Tod des 15-jährigen Paul bei Turnier in Frankfurt schockierte Fußball-Deutschland
DFB-Vize Zimmermann betont, dass hinter jeder Zahl ein Mensch stehe, der unter Gewalt oder Diskriminierung leide. Er erinnert an den tragischen Tod des 15-jährigen Paul aus Berlin, der im Mai bei einem Jugendturnier in Frankfurt angegriffen wurde und seinen Hirnverletzungen erlag. Tatverdächtig ist ein 16-jähriger französischer Fußballer.
„Wir brauchen dringend eine andere Umgangskultur auf unseren Fußballplätzen. Ich wünsche mir für unseren Fußball am Mittelrhein, dass wir zum Gentleman-Fußball kommen. Ich möchte, dass der Fußball wieder zu einem Sport mit Vorbildcharakter wird und wir nicht immer wieder über Negativ-Fälle diskutieren müssen. Wir wollen, dass sich alle auf dem Platz wohl fühlen“, sagte FVM-Präsident Christos Katzidis.

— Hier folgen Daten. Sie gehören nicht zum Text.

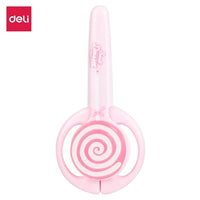 DELI Scissors Lovely Lollipop Shaped For Children Kids Cartoon DIY Safety Cap  DIY Scrapbook Paper Diary Craft Decorating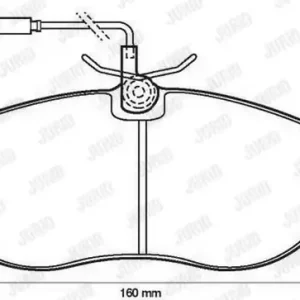 Zwrot pieniędzy JURID 573061J Klocki hamulcowe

Schiedsrichter sind als Geschädigte massiv überrepräsentiert
Die meisten Beschuldigten waren Spielerinnen und Spieler (4116), gefolgt von Zuschauenden (2200) und Betreuerinnen und Betreuern (1191). Die meisten Geschädigten waren Schiedsrichterinnen und Schiedsrichter (2680), gefolgt von Spielerinnen und Spielern (3496). Bedenkt man, dass auf dem Feld in den unteren Klassen nur ein Referee auf dem steht, sind die Schiris in der Geschädigten-Gruppe massiv überrepräsentiert.
„Das Lagebild hat sich zu einem wichtigen Indikator für die Stimmung auf den Plätzen entwickelt“, sagt DFB-Vize Zimmermann. „Es ermöglicht einen Überblick jenseits der Einzelfälle und Sachlichkeit statt verständlicher Emotionen.“
Wann liegt eine Gewalthandlung auf dem Fußballplatz vor?
Eine Gewalthandlung liegt vor, wenn eine beschuldigte Person eine geschädigte Person körperlich angreift, beispielsweise durch Schlagen, Bewerfen, Bespucken oder Treten. Zudem ist auch eine Bedrohung als Gewalthandlung zu werten. Auch Versuche sind zu melden.
Wann liegt eine Diskriminierung auf dem Fußballplatz vor?
Eine Diskriminierung liegt vor, wenn jemand die Würde einer anderen Person oder einer Gruppe von Personen verletzt. Dies geschieht durch eine herabwürdigende Äußerung, Geste oder Handlung in Bezug auf Herkunft, Hautfarbe, Sprache, Religion, Behinderung, Alter, geschlechtliche oder sexuelle Identität. Auch eine sonstige Schlechterbehandlung aufgrund eines dieser Merkmale stellt eine Diskriminierung dar.